We’re taking a deep dive into some of the biggest learnings from our interview with Ross, including how a global organisation like the Met Office uses social media effectively.
When did social media start to become a priority for the Met Office?
Social media evolves all the time, and that ties directly into the Met Office’s values. To begin with, the Met Office wanted to make their existing content more engaging. This started with the use of infographics and then progressed into “scrollytelling”.
Did you know?
Scrollytelling is a term used to describe online experiences including animation, video, and sound effects, all triggered by the user scrolling.

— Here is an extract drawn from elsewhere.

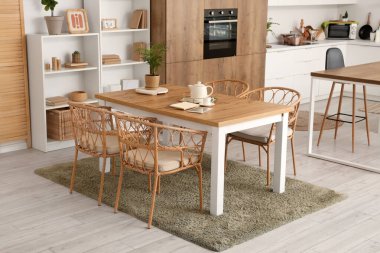 Yemek masası ve raf üniteleri olan rahat mutfağın içi.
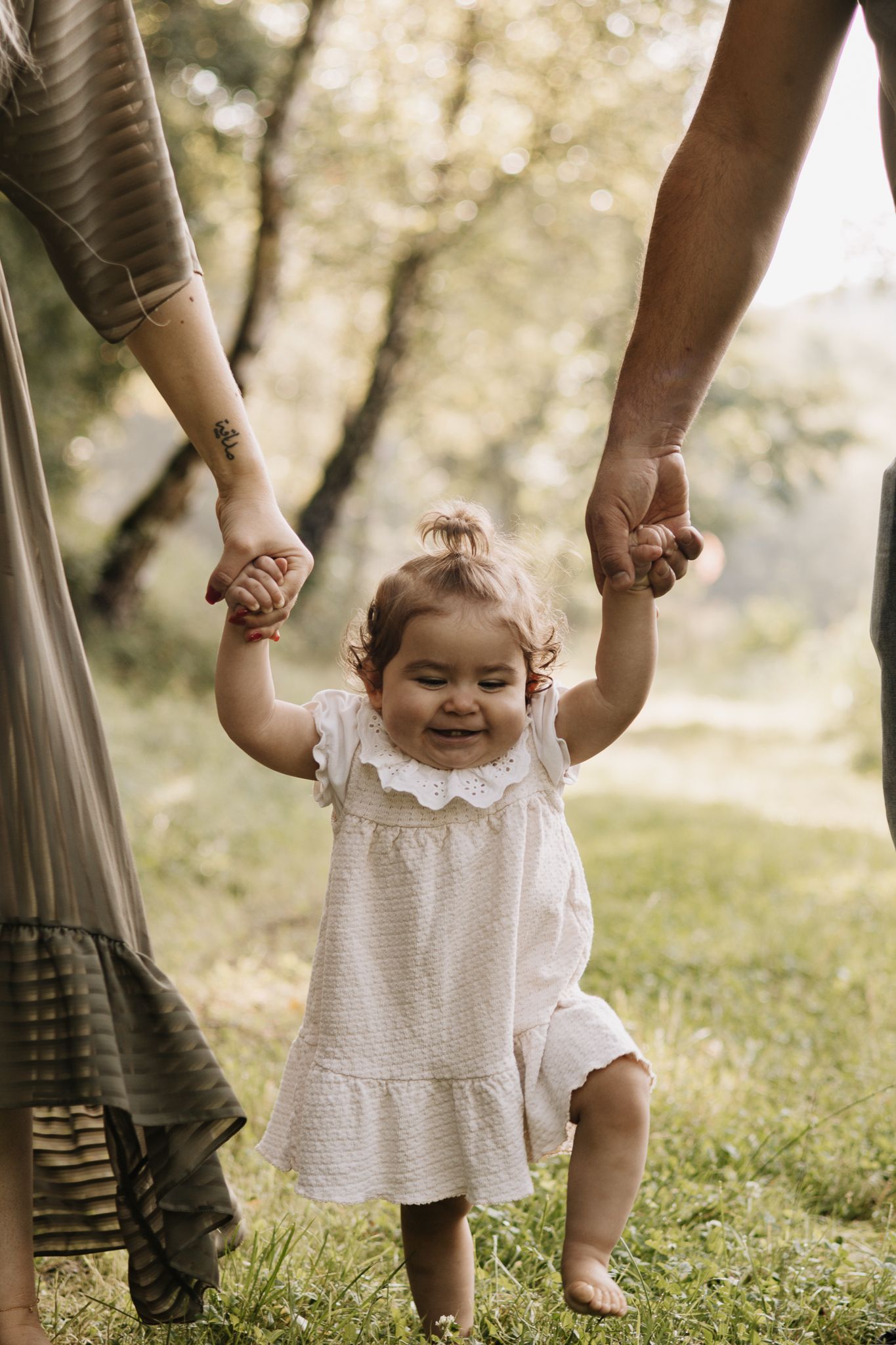 Ein Baby in einem weißen Kleid macht seine ersten Schritte, liebevoll gestützt von helfenden Händen – inmitten einer Naturkulisse in Konz.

This kicked off the start of social media taking a front seat at the Met Office. It works so well because it’s something we all use every day – very convenient when you want to share the latest weather updates!
How do the Met Office’s social media channels rank alongside other digital content channels?

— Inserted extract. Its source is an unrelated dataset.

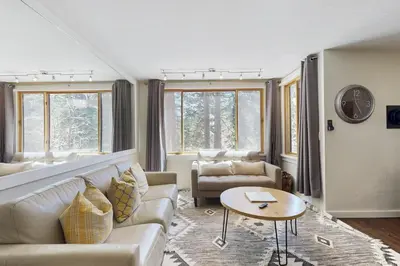 a living room with a couch and a table at Cozy Coyote Fork Condo in Truckee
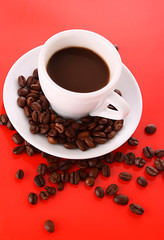 Small white cup of coffee with coffee grain  on red background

When Ross joined the Met Office 12 years ago, his main focus was the website. Of course, over the past decade, social media has evolved massively, becoming the first place many turn to for information, so the Met Office’s strategy has also evolved to include social media too.
Today, social media ranks highly alongside other digital content channels for the Met Office because it’s such an easy way of accessing their audience.
However, part of the challenge with using social media is learning how people communicate, and how this varies across different channels, so the next step for the Met Office is to work out how they can communicate with their audience, in the same way, to ensure that content is received well and meets the desired objectives.
What’s the distribution of followers across platforms?
The Met Office has 1.6 million combined followers across all social media platforms – Facebook, Twitter, YouTube, Instagram, Snapchat, LinkedIn and TikTok.
Why are the Met Office on all platforms? Because part of their purpose is to inform everyone on upcoming weather conditions and keep everyone safe. Different channels offer different values to different audiences, so covering all bases here means they’re able to reach a wide audience, who like to consume their content in different ways.
Twitter is currently the Met Office’s biggest platform, as it’s been used by the company for the longest time and now has over 800,000 followers alone. This is used much like a rolling news channel, which suits the ever-changing nature of the weather perfectly!
Here’s a quote from Ross:
We often hark back to the days when just people got their forecast on TV or the radio, particularly if there’s anyone who remembers the infamous 1987 storm and the fact that we didn’t think there was a hurricane coming on as the BBC presenter, Michael Fish, said there wasn’t. If that had been happening now, you’d have had an update 10 minutes later. You could have gone straight to the app, you could have gone to the website, you would have seen all of the uncertainty that surrounded that forecast. And actually, that’s what we’re able to offer, we’re able to offer people an avenue to understand how the weather and climate will impact them around the clock when it matters to them the most.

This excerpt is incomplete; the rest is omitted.